--- START ---

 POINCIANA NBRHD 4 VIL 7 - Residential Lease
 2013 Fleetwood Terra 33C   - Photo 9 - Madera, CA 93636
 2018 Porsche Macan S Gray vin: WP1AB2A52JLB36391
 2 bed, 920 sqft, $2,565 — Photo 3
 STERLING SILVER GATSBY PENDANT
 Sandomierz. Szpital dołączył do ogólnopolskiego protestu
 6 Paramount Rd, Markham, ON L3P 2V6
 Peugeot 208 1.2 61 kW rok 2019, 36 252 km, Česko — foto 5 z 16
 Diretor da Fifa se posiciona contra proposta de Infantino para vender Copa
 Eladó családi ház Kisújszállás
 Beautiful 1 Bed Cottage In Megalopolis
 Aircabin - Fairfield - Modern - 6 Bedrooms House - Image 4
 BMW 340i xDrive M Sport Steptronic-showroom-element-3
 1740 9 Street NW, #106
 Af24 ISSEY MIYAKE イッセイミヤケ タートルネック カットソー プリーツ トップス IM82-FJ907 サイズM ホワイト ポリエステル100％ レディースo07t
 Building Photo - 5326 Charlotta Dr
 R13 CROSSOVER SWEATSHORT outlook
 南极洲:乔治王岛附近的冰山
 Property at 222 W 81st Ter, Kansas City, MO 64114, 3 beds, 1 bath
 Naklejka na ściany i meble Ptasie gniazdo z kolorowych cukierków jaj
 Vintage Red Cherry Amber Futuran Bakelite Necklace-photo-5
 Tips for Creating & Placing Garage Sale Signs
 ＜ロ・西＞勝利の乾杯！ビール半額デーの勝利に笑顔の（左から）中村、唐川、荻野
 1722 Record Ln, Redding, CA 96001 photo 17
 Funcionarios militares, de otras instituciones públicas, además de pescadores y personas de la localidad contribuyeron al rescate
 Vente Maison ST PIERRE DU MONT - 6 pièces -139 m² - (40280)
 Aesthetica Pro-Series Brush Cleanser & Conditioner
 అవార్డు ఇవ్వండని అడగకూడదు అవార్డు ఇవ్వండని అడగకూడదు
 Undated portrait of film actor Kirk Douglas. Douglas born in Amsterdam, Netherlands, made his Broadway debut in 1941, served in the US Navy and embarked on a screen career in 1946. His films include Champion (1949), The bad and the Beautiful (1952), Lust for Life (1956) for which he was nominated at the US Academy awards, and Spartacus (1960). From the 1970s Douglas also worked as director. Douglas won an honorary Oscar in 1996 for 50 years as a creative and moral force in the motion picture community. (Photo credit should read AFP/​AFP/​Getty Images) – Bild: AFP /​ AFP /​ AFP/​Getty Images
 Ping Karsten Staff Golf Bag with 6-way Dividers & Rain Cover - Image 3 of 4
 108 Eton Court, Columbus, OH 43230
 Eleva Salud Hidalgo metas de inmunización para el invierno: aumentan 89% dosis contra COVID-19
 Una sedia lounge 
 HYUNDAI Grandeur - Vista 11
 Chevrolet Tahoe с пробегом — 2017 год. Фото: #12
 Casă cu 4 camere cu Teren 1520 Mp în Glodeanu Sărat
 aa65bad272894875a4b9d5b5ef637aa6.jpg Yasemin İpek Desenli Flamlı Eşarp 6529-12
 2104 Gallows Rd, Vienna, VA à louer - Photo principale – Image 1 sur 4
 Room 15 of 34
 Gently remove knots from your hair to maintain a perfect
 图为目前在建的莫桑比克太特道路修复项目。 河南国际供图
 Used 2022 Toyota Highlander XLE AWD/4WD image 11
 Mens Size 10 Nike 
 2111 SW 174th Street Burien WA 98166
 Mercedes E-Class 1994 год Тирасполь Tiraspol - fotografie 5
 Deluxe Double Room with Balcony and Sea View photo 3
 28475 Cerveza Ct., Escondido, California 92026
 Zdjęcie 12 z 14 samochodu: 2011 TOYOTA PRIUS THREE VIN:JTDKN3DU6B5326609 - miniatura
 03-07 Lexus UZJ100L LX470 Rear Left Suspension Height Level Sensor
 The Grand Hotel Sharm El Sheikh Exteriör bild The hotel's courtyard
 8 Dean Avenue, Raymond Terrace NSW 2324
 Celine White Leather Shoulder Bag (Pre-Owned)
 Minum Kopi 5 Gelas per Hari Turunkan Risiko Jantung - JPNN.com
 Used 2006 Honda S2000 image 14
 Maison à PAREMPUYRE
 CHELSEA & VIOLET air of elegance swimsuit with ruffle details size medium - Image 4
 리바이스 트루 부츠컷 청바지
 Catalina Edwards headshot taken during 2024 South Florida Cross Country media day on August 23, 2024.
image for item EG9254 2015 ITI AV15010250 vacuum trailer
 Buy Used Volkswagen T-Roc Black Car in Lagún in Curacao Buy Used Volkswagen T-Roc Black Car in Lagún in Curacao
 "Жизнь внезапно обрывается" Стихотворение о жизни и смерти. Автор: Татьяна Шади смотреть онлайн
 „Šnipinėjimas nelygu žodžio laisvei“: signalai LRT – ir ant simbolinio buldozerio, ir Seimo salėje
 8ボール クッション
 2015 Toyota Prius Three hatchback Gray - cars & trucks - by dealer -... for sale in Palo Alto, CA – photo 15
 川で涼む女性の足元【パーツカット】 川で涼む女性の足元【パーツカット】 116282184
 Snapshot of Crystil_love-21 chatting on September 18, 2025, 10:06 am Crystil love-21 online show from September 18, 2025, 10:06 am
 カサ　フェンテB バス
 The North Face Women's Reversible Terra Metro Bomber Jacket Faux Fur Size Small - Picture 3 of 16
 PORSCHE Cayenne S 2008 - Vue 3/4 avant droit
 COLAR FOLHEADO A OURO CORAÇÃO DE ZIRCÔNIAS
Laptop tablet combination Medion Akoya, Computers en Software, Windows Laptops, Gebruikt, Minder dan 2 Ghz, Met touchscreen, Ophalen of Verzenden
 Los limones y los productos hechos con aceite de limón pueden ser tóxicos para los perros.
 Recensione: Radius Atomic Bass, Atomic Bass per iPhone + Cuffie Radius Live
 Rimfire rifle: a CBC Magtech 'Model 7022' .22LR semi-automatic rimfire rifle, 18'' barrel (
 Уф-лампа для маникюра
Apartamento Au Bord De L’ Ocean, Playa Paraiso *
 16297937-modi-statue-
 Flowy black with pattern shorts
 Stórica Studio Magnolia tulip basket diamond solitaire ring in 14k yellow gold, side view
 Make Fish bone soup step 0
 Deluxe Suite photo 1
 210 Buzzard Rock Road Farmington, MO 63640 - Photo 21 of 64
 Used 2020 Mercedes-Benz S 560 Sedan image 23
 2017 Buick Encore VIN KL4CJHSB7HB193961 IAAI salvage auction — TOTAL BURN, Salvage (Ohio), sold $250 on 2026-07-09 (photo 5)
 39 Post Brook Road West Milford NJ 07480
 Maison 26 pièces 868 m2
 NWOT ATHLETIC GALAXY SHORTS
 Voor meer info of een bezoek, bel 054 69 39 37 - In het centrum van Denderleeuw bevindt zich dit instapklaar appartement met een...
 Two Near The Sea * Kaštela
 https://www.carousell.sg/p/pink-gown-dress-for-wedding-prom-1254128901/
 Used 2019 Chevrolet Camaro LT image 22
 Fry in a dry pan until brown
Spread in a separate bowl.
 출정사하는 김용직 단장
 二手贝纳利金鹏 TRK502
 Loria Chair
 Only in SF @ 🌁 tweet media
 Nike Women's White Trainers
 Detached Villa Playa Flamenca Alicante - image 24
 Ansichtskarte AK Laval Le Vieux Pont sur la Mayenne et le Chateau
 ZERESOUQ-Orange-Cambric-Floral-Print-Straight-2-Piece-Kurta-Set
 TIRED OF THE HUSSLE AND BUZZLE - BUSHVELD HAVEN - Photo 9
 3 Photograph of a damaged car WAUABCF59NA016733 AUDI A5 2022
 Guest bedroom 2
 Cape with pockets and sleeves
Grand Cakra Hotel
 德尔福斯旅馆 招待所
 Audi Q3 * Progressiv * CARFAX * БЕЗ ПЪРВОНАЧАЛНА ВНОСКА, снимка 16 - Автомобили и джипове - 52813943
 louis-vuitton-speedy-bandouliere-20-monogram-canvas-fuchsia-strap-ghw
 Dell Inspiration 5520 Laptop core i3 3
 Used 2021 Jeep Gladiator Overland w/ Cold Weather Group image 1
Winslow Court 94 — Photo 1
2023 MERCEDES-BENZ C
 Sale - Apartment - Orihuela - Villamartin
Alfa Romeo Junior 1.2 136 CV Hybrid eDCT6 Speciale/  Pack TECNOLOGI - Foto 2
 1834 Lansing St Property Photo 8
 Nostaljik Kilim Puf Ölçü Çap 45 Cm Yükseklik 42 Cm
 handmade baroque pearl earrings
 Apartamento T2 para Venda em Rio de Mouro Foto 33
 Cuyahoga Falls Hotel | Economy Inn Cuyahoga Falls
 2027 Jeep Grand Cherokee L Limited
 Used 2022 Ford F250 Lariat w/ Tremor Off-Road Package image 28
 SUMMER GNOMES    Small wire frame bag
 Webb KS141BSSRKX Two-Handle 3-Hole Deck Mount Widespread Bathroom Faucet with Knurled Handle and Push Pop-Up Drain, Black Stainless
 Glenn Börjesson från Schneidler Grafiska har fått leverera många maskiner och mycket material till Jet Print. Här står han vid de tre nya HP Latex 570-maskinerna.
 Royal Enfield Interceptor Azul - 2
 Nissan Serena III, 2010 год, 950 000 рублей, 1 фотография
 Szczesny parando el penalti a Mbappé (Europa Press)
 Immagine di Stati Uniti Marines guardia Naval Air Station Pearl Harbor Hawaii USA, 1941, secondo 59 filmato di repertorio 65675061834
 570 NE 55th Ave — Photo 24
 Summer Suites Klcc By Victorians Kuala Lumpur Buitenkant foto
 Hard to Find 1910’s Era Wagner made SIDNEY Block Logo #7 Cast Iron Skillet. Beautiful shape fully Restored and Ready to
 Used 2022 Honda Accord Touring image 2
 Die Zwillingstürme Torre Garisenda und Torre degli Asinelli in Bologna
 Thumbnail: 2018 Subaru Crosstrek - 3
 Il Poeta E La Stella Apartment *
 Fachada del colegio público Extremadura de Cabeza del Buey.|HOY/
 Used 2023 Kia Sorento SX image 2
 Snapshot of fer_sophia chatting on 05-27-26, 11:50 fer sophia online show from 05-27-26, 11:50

--- END ---

What you return must be an exact retyping of the lines above starting at the line with "Make Fish bone soup step 0" and ending at the line with "1834 Lansing St Property Photo 8", and nothing besides.

- Solution to the problem
 Make Fish bone soup step 0
 Deluxe Suite photo 1
 210 Buzzard Rock Road Farmington, MO 63640 - Photo 21 of 64
 Used 2020 Mercedes-Benz S 560 Sedan image 23
 2017 Buick Encore VIN KL4CJHSB7HB193961 IAAI salvage auction — TOTAL BURN, Salvage (Ohio), sold $250 on 2026-07-09 (photo 5)
 39 Post Brook Road West Milford NJ 07480
 Maison 26 pièces 868 m2
 NWOT ATHLETIC GALAXY SHORTS
 Voor meer info of een bezoek, bel 054 69 39 37 - In het centrum van Denderleeuw bevindt zich dit instapklaar appartement met een...
 Two Near The Sea * Kaštela
 https://www.carousell.sg/p/pink-gown-dress-for-wedding-prom-1254128901/
 Used 2019 Chevrolet Camaro LT image 22
 Fry in a dry pan until brown
Spread in a separate bowl.
 출정사하는 김용직 단장
 二手贝纳利金鹏 TRK502
 Loria Chair
 Only in SF @ 🌁 tweet media
 Nike Women's White Trainers
 Detached Villa Playa Flamenca Alicante - image 24
 Ansichtskarte AK Laval Le Vieux Pont sur la Mayenne et le Chateau
 ZERESOUQ-Orange-Cambric-Floral-Print-Straight-2-Piece-Kurta-Set
 TIRED OF THE HUSSLE AND BUZZLE - BUSHVELD HAVEN - Photo 9
 3 Photograph of a damaged car WAUABCF59NA016733 AUDI A5 2022
 Guest bedroom 2
 Cape with pockets and sleeves
Grand Cakra Hotel
 德尔福斯旅馆 招待所
 Audi Q3 * Progressiv * CARFAX * БЕЗ ПЪРВОНАЧАЛНА ВНОСКА, снимка 16 - Автомобили и джипове - 52813943
 louis-vuitton-speedy-bandouliere-20-monogram-canvas-fuchsia-strap-ghw
 Dell Inspiration 5520 Laptop core i3 3
 Used 2021 Jeep Gladiator Overland w/ Cold Weather Group image 1
Winslow Court 94 — Photo 1
2023 MERCEDES-BENZ C
 Sale - Apartment - Orihuela - Villamartin
Alfa Romeo Junior 1.2 136 CV Hybrid eDCT6 Speciale/  Pack TECNOLOGI - Foto 2
 1834 Lansing St Property Photo 8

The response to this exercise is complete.